The Star-Herald

County residents recall memorable holidays

PRESQUE ISLE, Maine — Karen Morgan Harrington of Presque Isle recalls the Christmas 40 years ago that stands out as one of her “most memorable” due to the lessons that it taught her about giving.

Harrington was 13 years old that year and living in Limestone. Her father was stationed at Loring Air Force Base at the time and she and her four siblings had spent the fall picking potatoes to save money for school clothes.

“That year, of  course, I was a bit more mature,” she said. “So I wanted some of the trendier, more expensive clothes. But my parents had a rule that we all had to save a bit of our harvest money to buy a present for one of our siblings. We all drew names, and I had chosen my 8-year-old brother Billy that year.”

Harrington recalled that when she sat down with her mother over the Sears catalogue after the harvest, her mother let her have more control over her purchases than she previously had.

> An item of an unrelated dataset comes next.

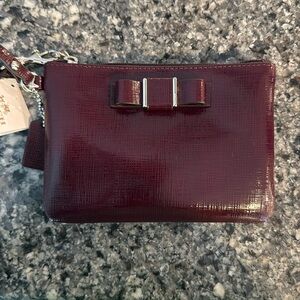 Coach Bow patent leather wristlet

“She made sure that I picked out the warm clothes that I needed for winter, but she did let me buy one of the dresses that I wanted,” Harrington said. “But when my money began dwindling and I was still eyeing another dress, she just cleared her throat and said, ‘What about your brother?’”

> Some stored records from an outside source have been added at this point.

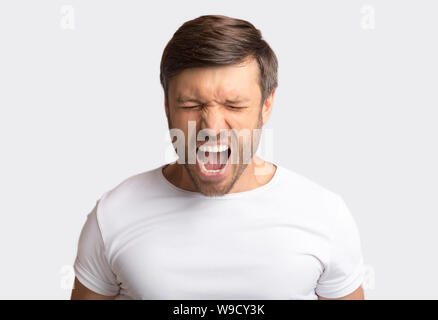 Ritratto di Emotional Man urlando furiosamente su sfondo bianco Foto Stock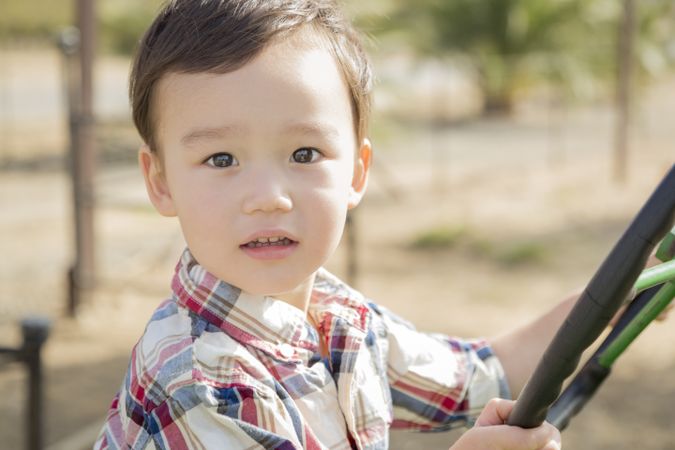 Young Boy Playing on Tractor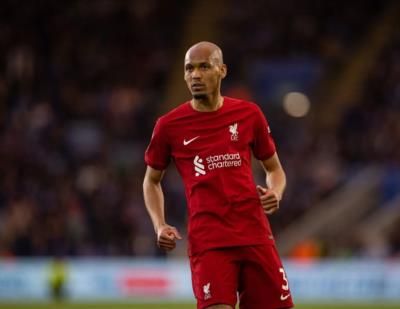 Fabinho Showcasing Skills In A Vibrant Red Football Jersey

Harrington said that she turned to the toy section and began looking. She acknowledged that she silently wished to get her brother something cheap in the hopes that she could still get another dress, but her mother saw through the plan. Instead of getting angry at her for it, she simply reminded her that her older siblings gave her what she wanted when she was young, and that she should try to do the same for her brother.

“I immediately felt guilty,’ she said. “I not only bought my brother what he wanted, I dipped into my allowance and bought him something extra.”

Kristi McAtee of Houlton has fond memories of childhood Christmases spent with her family. She said she and her father, Paul, would stay at her grandparents on Christmas Eve, and she would wake up every Christmas morning to the sound of her father talking to her grandfather as they sat at the kitchen table.

“I wasn’t allowed to come downstairs until everyone was awake, though,” she said. “One year, Dad and Santa wrapped all of their presents in the same paper. I was told Dad ran into him at the JC Penney and Santa asked Dad to wrap my gifts because he was so busy at the North Pole. The last few years (before he died) weren’t about gifts. We’d just have a small get together with friends and family. I’d cook Christmas dinner and we’d watch movies all day. A whole day just to relax and catch up.”

Harrington agreed, saying that she now enjoys that kind of Christmas the most.

“Our family is much bigger now because my siblings and I are all in different parts of Maine and New England, and they all have children and grandchildren” she said. “But we still draw names for gifts, and we get as many of the siblings together as we can on Christmas. It is the best gift we can give each other.”